Like any good Catholic kid, a great deal of my youth was spent at my home parish. Some of my first memories are of that place: watching my older brother receive his First Communion, making Advent wreaths in the community hall, sitting at the altar with all of the children called to hear the story of Jesus’ birth during Christmas Eve mass, playing with other kids in the church nursery, watching my younger brother be baptized, singing the hymns by memory because I still could not read along in the book, sneaking away to get the post-mass donuts and juice before anybody else, the list goes on and on. Needless to say, the Church was a major part of my life growing up, and for a long time I was sure it always would be a major part of my life. But then, life changed.
A number of incidents led to my alienation from the Church, the most recent one being my acceptance of my own sexuality as something outside of the hetero-normative standard. As a Queer woman, I found it increasingly difficult to commune with God in a setting where a fundamental part of me was considered inherently “wrong.” Sure, that was never said to me directly in plain terms. In fact, I recall being told quite clearly during confirmation class that there is nothing at all wrong with being gay; the only sin lies in actually engaging in homosexual sex. To me, that allowance was no consolation.

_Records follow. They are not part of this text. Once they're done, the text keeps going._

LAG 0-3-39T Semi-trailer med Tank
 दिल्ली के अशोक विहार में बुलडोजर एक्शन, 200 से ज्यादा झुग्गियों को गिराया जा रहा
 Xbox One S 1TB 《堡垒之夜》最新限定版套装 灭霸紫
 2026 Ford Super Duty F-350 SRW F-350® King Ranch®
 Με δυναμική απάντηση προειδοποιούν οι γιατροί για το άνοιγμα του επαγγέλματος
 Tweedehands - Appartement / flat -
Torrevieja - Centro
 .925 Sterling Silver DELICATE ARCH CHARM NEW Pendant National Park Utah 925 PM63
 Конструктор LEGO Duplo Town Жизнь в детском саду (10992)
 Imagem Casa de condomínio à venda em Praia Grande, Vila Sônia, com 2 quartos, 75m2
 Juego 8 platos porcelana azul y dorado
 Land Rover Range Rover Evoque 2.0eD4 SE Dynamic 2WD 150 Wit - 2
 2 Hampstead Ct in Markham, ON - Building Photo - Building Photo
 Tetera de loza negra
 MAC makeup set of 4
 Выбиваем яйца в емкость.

After I came out, I would look at pictures of my parents’ wedding ceremony which was held in my mother’s childhood parish. Growing up, I always imagined getting married just as my parents had. But as I looked at the picture of my newly married parents standing on the altar, that hope that I too would one day experience a similar moment was dashed. When marriage equality was announced in the US this summer, I literally cried tears of joy, partially because it's a step in the right direction for The States, but more because it is a sign that the whole world, including The Church, may one day give full honor and blessings to me when I marry the love of my life, even if she happens to be a woman. To one day be fully embraced by the community and traditions I grew up with is a dream I hope to live to see come true.